① 広島県大崎上島におけるカーボンリサイクル(CR)実証研究拠点の整備(NEDO)

カーボンリサイクル活動の推進

CR実証研究拠点(広島県大崎上島)では、大崎クールジェン(石炭ガス化燃料電池複合発電実証事業)で分離・回収されたCO₂(実ガス)をパイプラインで搬送し、そのCO₂を原料とした、燃料や化学品、鉱物などを製造する各種試験を実施します。

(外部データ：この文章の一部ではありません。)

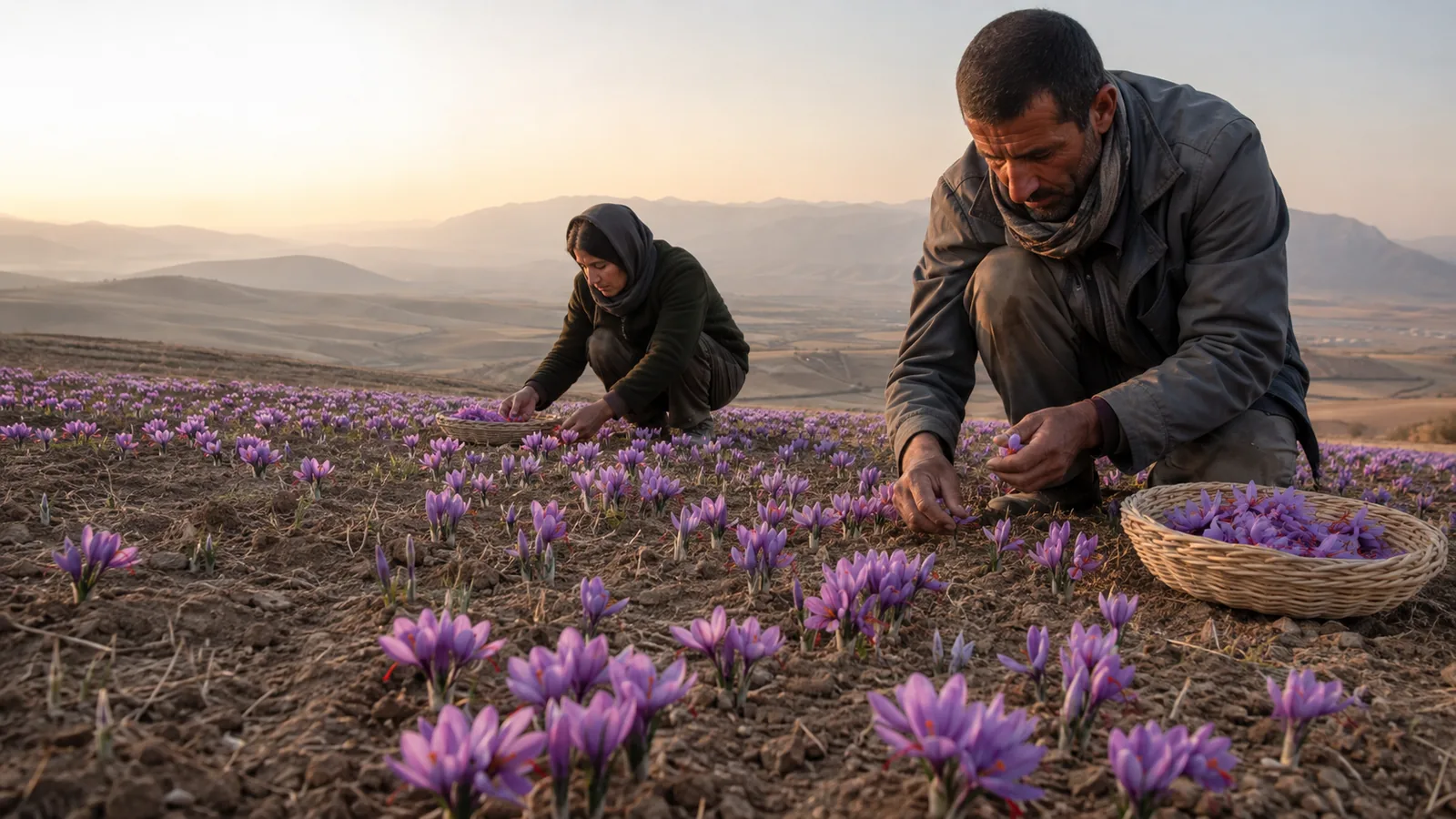 Workers harvesting saffron flowers in Kermanshah fields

同拠点は、「実証研究エリア」「藻類研究エリア」「基礎研究エリア」の3区域で構成され、「実証研究エリア」では、コンクリートや燃料、化学品を製造するパイロット試験を行い、「藻類研究エリア」においては、微細藻類由来のSAFSustainable Aviation Fuel; 持続可能な航空燃料)の研究開発を実施します。また、「基礎研究エリア」には共用棟と研究棟があり、共用棟は分析室を設け、さらに、研究者の議論の場や来客対応・PR活動に活用し、研究棟の6室の研究室ではCR技術の要素研究が進められています。

当機構は、同拠点で実施される全ての研究開発支援のため、施設の運営・管理を実施するとともに、研究成果を国内外に発信しCR事業の価値向上や普及に貢献します。また、研究棟ではダイヤモンド電極を用いて、CO2を電気化学的に還元し、ギ酸を製造する研究開発を実施します。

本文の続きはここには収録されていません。